In March, in addition to the 4 Republican members of the “gang of 8,” my models pegged the following Republicans as “solid yes” votes: Lisa Murkowski (Alaska), Mark Kirk (Illinois), Dean Heller (NV), and Patrick Toomey (Pennsylvania). All but Patrick Toomey are still predicted as “yes” votes. Moreover, my models also pegged some Republicans who have publicly expressed support for the Senate bill as “lean yes/no” votes (i.e., confidence intervals around their respective predicted probabilities intersect 0.5). These are: Kelly Ayotte (New Hampshire), John Hoeven (North Dakota), and Orrin Hatch (Utah) – it would be awesome if I could also claim Bob Corker (Tennessee) on this list, but, alas, no.

While the recent votes on the border trigger amendments add some clarity to the predictions – mostly by reclassifying those as leaning one way or another into solid yes or no votes – there are some Republicans who remain in the “lean yes” category: Susan Collins (Maine), Rob Portman (Ohio), and Ron Johnson (Wisconsin). Note: Jeffrey Chiesa (New Jersey) is also predicted as a “lean yes” vote.

It is interesting to note that some of the most vocal opponents of the Senate bill – including John Cornyn (Texas), Ted Cruz (Texas), and Mike Lee (Utah) – are predicted as “lean no” rather than “solid no” votes in the updated analysis. Of course, I do not think that these are really swing votes. However, they are categorized as such given the large foreign-born populations in their respective states and the increased border security measures in the bill. It will thus be interesting to follow how a “no” vote by these Senators translates with voters during their next elections.

Democrats to Watch

In factoring in the border trigger votes, only 1 Democrat stands out as a potential “lean no” vote: Mark Pryor (Arkansas). Note: there are no Democrats predicted as “solid no” votes. In March, my models characterized Senator Pryor as a “lean yes” vote. However, he recently voted against tabling the Grassley and Cornyn amendments. It is also worth noting that while he is predicted as a “solid yes” vote, Joe Manchin (West Virginia) is another Democrat who voted against tabling the Grassley and Cornyn amendments.

Conclusion

There are 62 Senators predicted as “solid yes” votes, 6 who “lean yes,” 11 who “lean no,” and 21 predicted as “solid no” votes. A full list is available here. Assuming that all who are predicted as “solid yes” or “lean yes” actually vote yes, we have 68 votes for the bill. Assuming that Mark Pryor joins the “yes” votes, this leads to a total of 69 votes for the bill. As the confidence intervals around the predicted probabilities of the “lean no” votes intersect 0.5, after excluding Senators Cornyn, Cruz, and Lee, we can reasonably suspect an upper limit of 76 yes votes, though this would be a real far reach.
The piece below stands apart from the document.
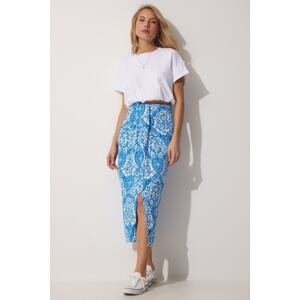 Happiness İstanbul Women's Blue Ruffle Front Wrap Midi Skirt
In March, the data pointed to 67 to 71 yes votes on CIR. Today, after factoring in the border trigger votes and the increased border security measures, the data point to 69 to 76 yes votes. For those who argue that stricter border security measures are necessary for increasing support for the bill, there is some support for this (moving from an upper limit of 71 to 76). However, for others who argue that stricter border security is unnecessary for securing a filibuster-proof vote, there is also support for this (the needle was already at 67 and moved only to 69).

Tom K. Wong, Ph.D., is an assistant professor of political science at UC San Diego. He is an expert on immigration politics and policy. He is a research associate at CCIS and beginning in fall 2013 he will be Director of the International Migration Studies Program at UC San Diego.

A Test of the CIR 2013 Blog: The 287(g) Vote

By Tom K. Wong, tomkwong@ucsd.edu, @twong002

While we are still far from a vote on final passage of the comprehensive immigration reform (CIR) bill in the Senate, a vote yesterday in the House provides an early test of the models and predictions of the CIR 2013 Blog.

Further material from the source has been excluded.